Acredito que haja consenso de opinião a respeito da gravidade da situação de
nossas escolas e não apenas por não considerar, de fato, as necessidades dos
estudantes que recebe, mas também por não corresponder a uma teoria
148
educacional definida para a sua proposta de atuação. Encontrei nas narrativas,
relatos que denunciam uma escola deteriorada, sob vários aspectos. Uma escola
que abandonou o seu propósito de ensinar, passando a ser um local onde um
conhecimento pode ser disseminado por meio da transmissão de conteúdos
fragmentados e de uma simbologia sem nenhum significado ou propósito
definido, principalmente no que tange à matemática. Encara-se o ato de
ensinar, muitas vezes resumindo-o a uma proposta de cópia, por parte dos
alunos, do que foi transcrito na lousa ou até menos que isso.

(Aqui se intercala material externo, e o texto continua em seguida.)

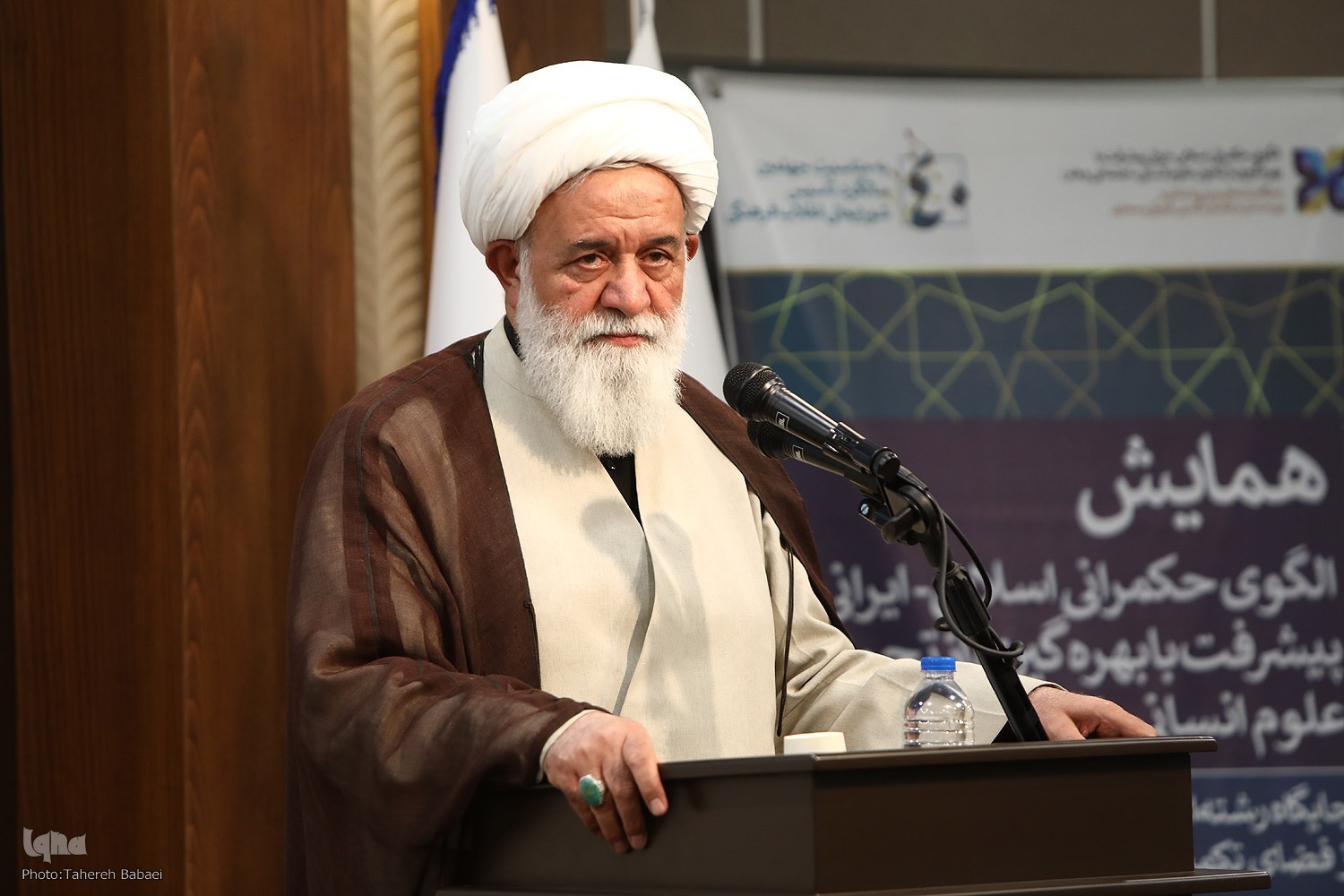 هدف فقه نظام‌ساز، تولید شریعت نیست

Assim, entendo
que não podemos ficar, somente, lamentando que assim esteja, e acredito que
sejam necessárias reflexões sobre uma revisão do nosso entendimento sobre esse
local e ainda, sobre como podemos reverter o que constatamos. Precisamos
também rever como nossos alunos e futuros professores entendem esse local,
que frequentam desde criança, para que possam compreender sua formação de
maneira a constituírem-se profissionais que pensam em alternativas de mudança
para esse cenário, e ainda se sintam motivados a promover tais mudanças.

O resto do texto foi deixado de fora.